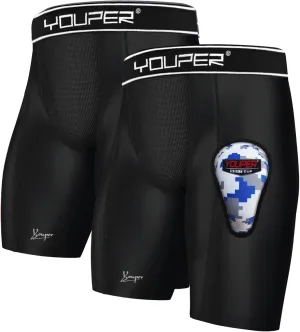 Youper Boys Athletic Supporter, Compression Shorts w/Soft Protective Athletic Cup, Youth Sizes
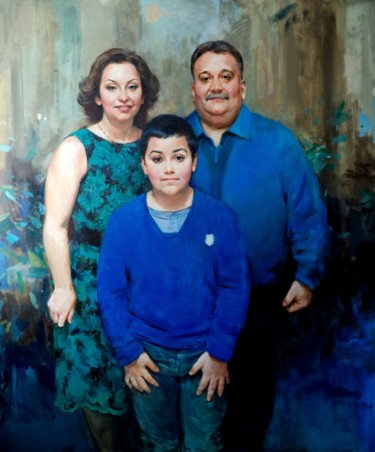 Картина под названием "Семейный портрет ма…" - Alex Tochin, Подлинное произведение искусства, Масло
--
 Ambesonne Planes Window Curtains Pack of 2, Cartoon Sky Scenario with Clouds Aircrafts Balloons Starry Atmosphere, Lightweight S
---
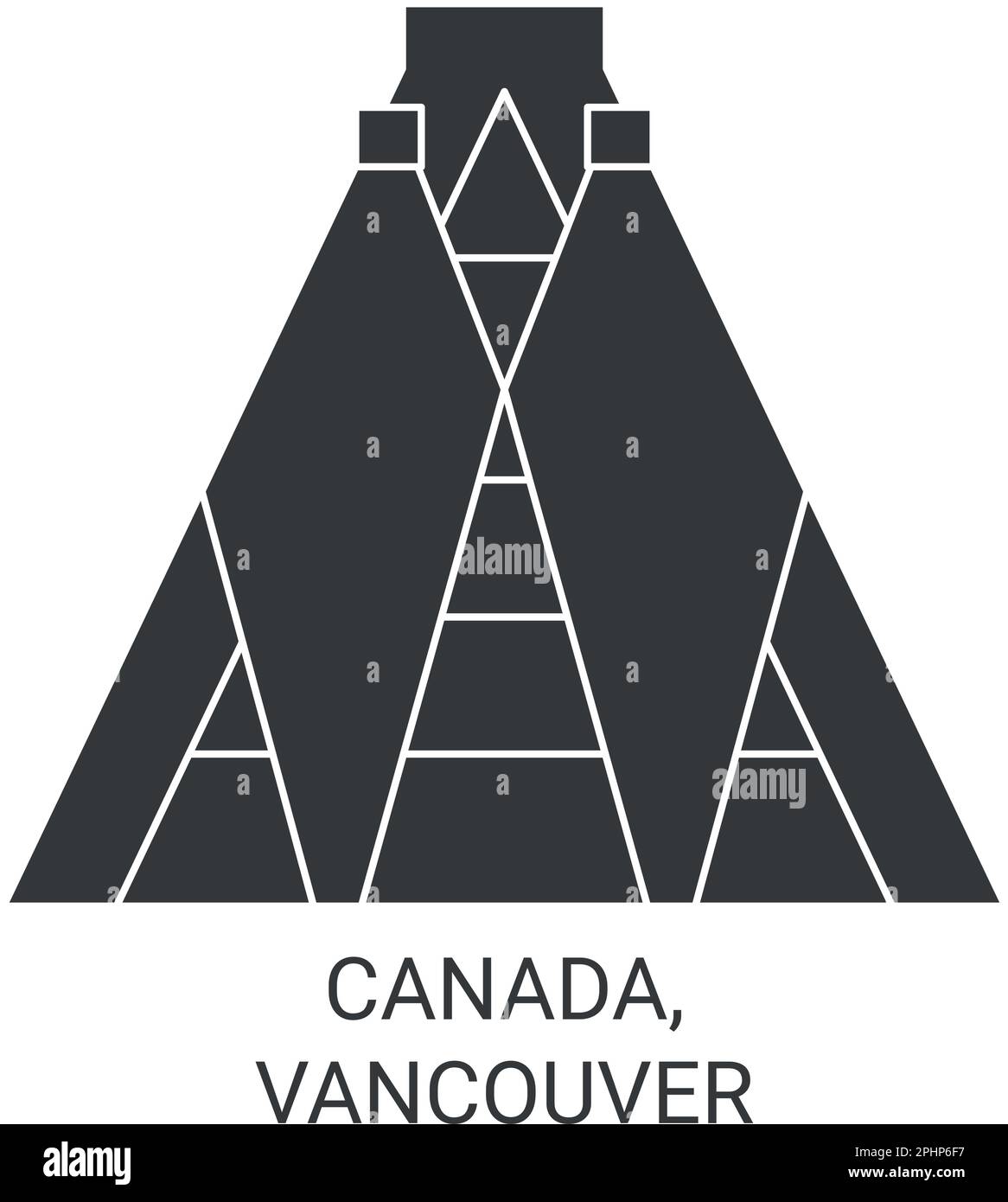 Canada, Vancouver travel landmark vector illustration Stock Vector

» What to do
Copy out the lines above from the line containing "Youper Boys Athletic" through the line containing "Картина под названием", exactly, and keep the pictures out.

» Exercise response
 Youper Boys Athletic Supporter, Compression Shorts w/Soft Protective Athletic Cup, Youth Sizes
 Картина под названием "Семейный портрет ма…" - Alex Tochin, Подлинное произведение искусства, Масло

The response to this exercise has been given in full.